---------- SOURCE DATA ----------
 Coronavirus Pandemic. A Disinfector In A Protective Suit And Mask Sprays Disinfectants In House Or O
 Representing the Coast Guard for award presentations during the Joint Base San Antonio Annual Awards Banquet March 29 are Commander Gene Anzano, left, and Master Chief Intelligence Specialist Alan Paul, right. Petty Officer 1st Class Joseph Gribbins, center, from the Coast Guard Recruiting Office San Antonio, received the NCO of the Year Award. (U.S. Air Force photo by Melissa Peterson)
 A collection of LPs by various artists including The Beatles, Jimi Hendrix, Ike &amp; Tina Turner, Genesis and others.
----------
## BRIEF
Word for word, copy the material above.

## RESULT
 Coronavirus Pandemic. A Disinfector In A Protective Suit And Mask Sprays Disinfectants In House Or O
 Representing the Coast Guard for award presentations during the Joint Base San Antonio Annual Awards Banquet March 29 are Commander Gene Anzano, left, and Master Chief Intelligence Specialist Alan Paul, right. Petty Officer 1st Class Joseph Gribbins, center, from the Coast Guard Recruiting Office San Antonio, received the NCO of the Year Award. (U.S. Air Force photo by Melissa Peterson)
 A collection of LPs by various artists including The Beatles, Jimi Hendrix, Ike &amp; Tina Turner, Genesis and others.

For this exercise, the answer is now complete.